I recently learned that my daughter had a very large pile of family imagesĀ  from 2004/2005 stored on her external hard drive that were not in my collection. She allowed me to copy them onto my computer. My collection went from 14,000+ to almost 24,000! I’m already enjoying “new” memories, as I have my screensaver set to random image slideshow mode.

I discovered, however, that Dolphin does not deal well with folders containing thousands of images. Every click, every selection, every move seems to take an extraordinarily long time, especially if you forget to disable “preview.” Because of this, I decided to move the images in my 2004 and 2005 folders into “2004-Q1, 2004-Q2, etc.”, to reduce the number of files Dolphin has to think about at one time.

To do this in Dolphin usingĀ  drag and drop, you have to select the images from January to March, drag them over into the new folder, and WAIT for 10 or 20 minutes while it thinks, crunches numbers and filenames, or whatever it is doing.

To do this in Dolphin using the terminal panel (View>Panels>Terminal, or simply press F4) did the same thing in less than a second, using the following command (assuming I have clicked in the source folder in Dolphin’s GUI, as that will “cd” me into it down in the terminal panel):

mv * /home/les/Pictures/JPGs/2004-Q4

This was, of course, after I had already moved out the images from Q1-Q3 using the GUI.

Question: With my image file names like this: 4 digit year-two digit month-two digit day (e.g. 2004-09-23), how might I have structured this command to move the files from January to March into folder /home/les/Pictures/JPGs/2004-Q1?

Fedora 11 refuses to install on my new motherboard/cpu combo…

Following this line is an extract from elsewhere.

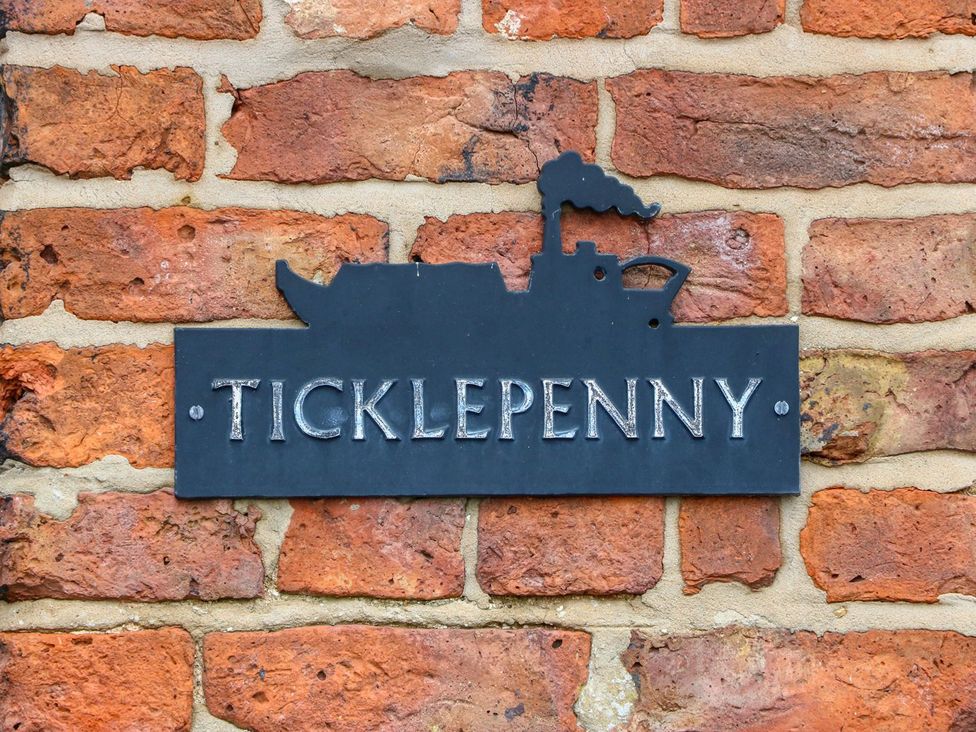 A name plaque with Ticklepenny on a brick wall at Ticklepenny Louth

•June 25, 2009 • Leave a Comment

I recently bought an ASRock K10n78m motherboard with an AMD 7750 cpu, but was unable to make F11 preview or final install, either from the LiveCD or the DVD installation media. Bummer! From the Live CD, pressing the Install to Hard Drive icon just didn’t do anything. It never started Anaconda, the installation program. With the DVD installation disc, it would always hang during some part of the installation… several times at “searching for storage devices.” It’s a shame, because I really wanted to be running Fedora 11 now. Instead, I’ll just be happy (for a while) with Mint 7.

Anyone having troubles with Firefox on Ubuntu 9.04?

•May 20, 2009 • 1 Comment

I have been experiencing regular screen freeze-ups every time I attempt to install a new plug-in or add-on to Firefox with Compiz-Fusion installed and running. This happens with Firefox 3.0.10 or with Firefox 3.5 (Shiretoko) The cpu goes to 100%, and the entire screen becomes unresponsive, including all taskbars, window closer buttons, everything. The mouse cursor will move, but you can’t do anything with it! This means rebooting with the power button every time.

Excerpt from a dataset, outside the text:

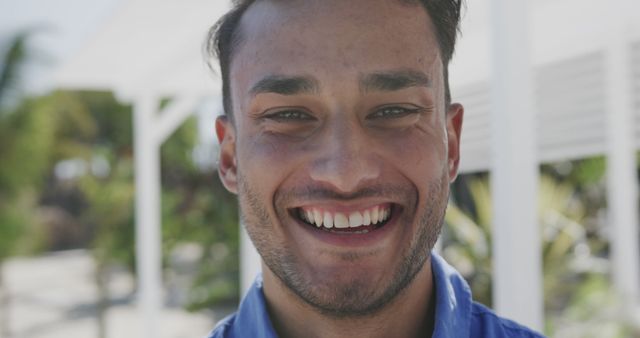 Close-Up Portrait of Smiling Man Outdoors on a Sunny Day - Download Free Stock Images Pikwizard.com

As a workaround, I installed “Compiz Fusion Icon,” which toggles between Metacity and Compiz window managers. Unfortunately, you have to remember to use it BEFORE you try to install a Firefox extension! I wonder if this is related to npviewer.bin. Just a wild guess, since there’s no way to open System Monitor while the screen is frozen up!

Using Ubuntu 9.04 Live CD to wipe a hard drive…

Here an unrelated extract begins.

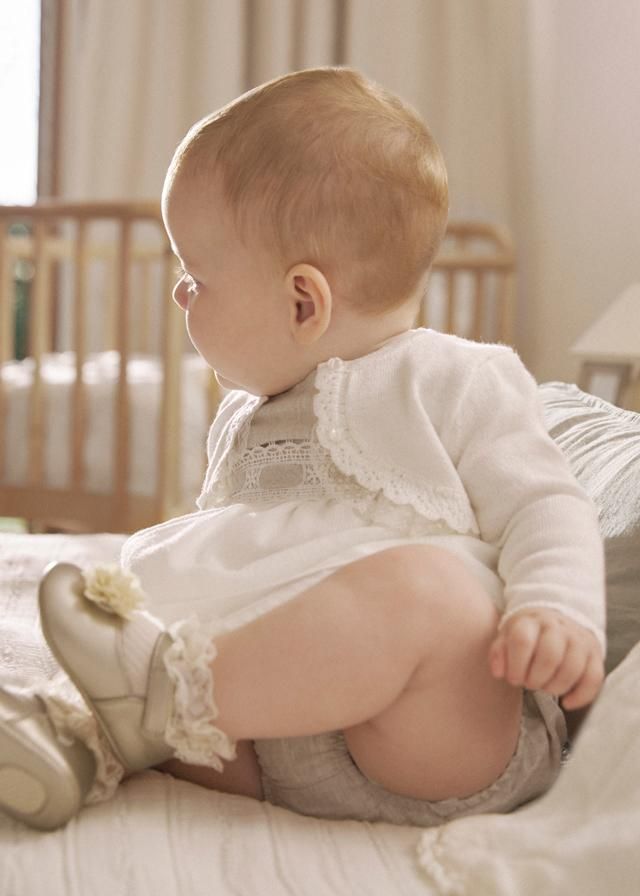 Neonato con vestito bianco e cardigan, seduto su un letto, che guarda di lato.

•May 12, 2009 • Leave a Comment

I have an old 120 gb hard drive I am going to put into a new build. The motherboard, cpu, and memory will be arriving tomorrow, according to the UPS tracking site. Here’s what I am doing to wipe all old data from the drive:

1) Installed old hard drive in place of my new one on this current system.

2) Rebooted with the Ubuntu 9.04 Live CD

3) Opened up a terminal (Applications > Accessories > Terminal)

4) Entered this command:
sudo shred -vfz -n 6 /dev/sda

5) Opened up Firefox to write this post

6) Power off the monitor and let this run all night! (Update: I started this at around 3:30pm on Tuesday afternoon. It did 6 passes of writing random stuff plus a 7th pass of writing all zeros, finishing up at around 8:30 am on Wednesday morning. Total of 17 hours for a 120 gb drive.)

While it was doing its thing I was able to surf the Internet, check web-mail, etc.